TASK STATEMENT = Write out the data below in full, unchanged, minus the images.

----- INFORMATION SUPPLIED -----

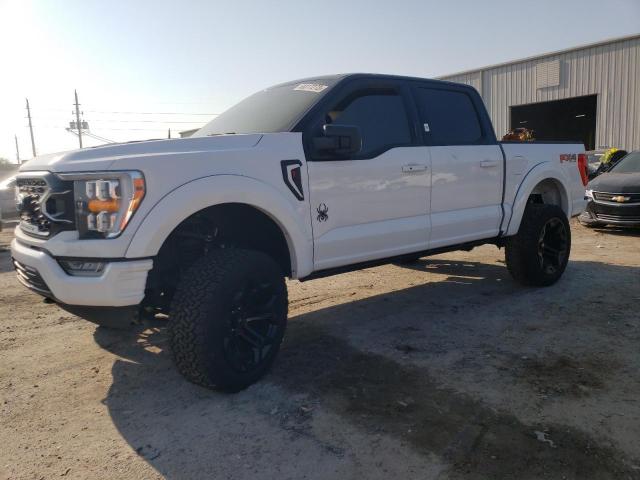 Photo 0 VIN: 1FTFW1E54NKD06018 - FORD F150 SUPER 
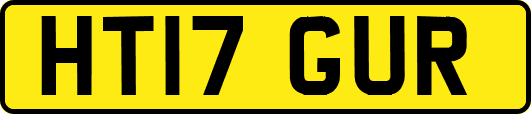 HT17GUR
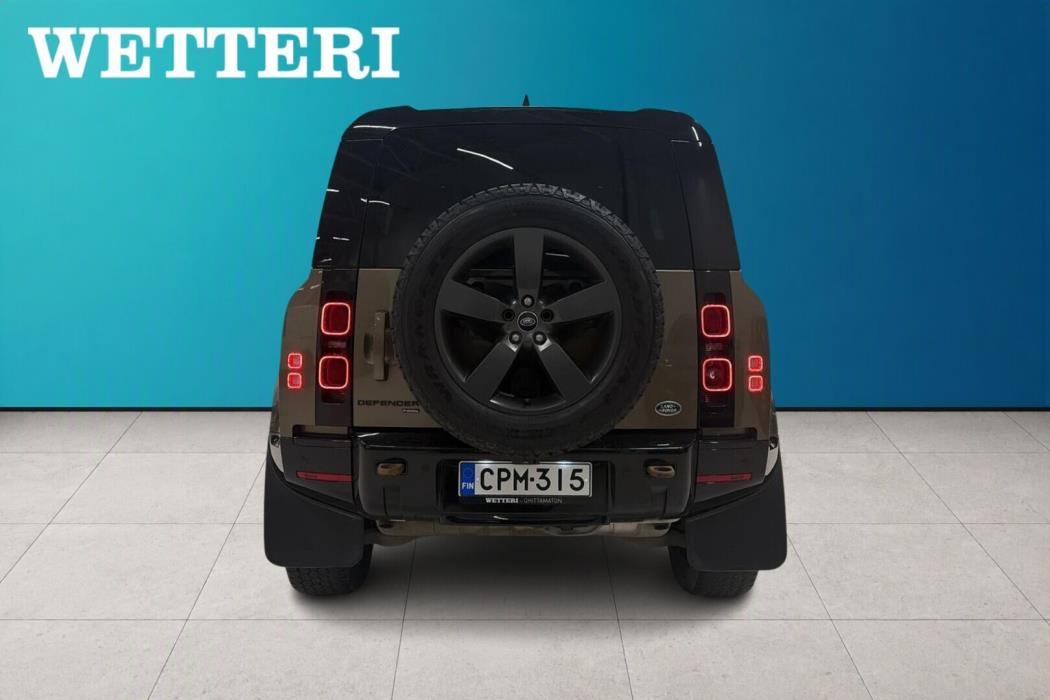 LAND ROVER Defender 2023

-----

ANSWER TO THE PROBLEM =
 Photo 0 VIN: 1FTFW1E54NKD06018 - FORD F150 SUPER 
 HT17GUR
 LAND ROVER Defender 2023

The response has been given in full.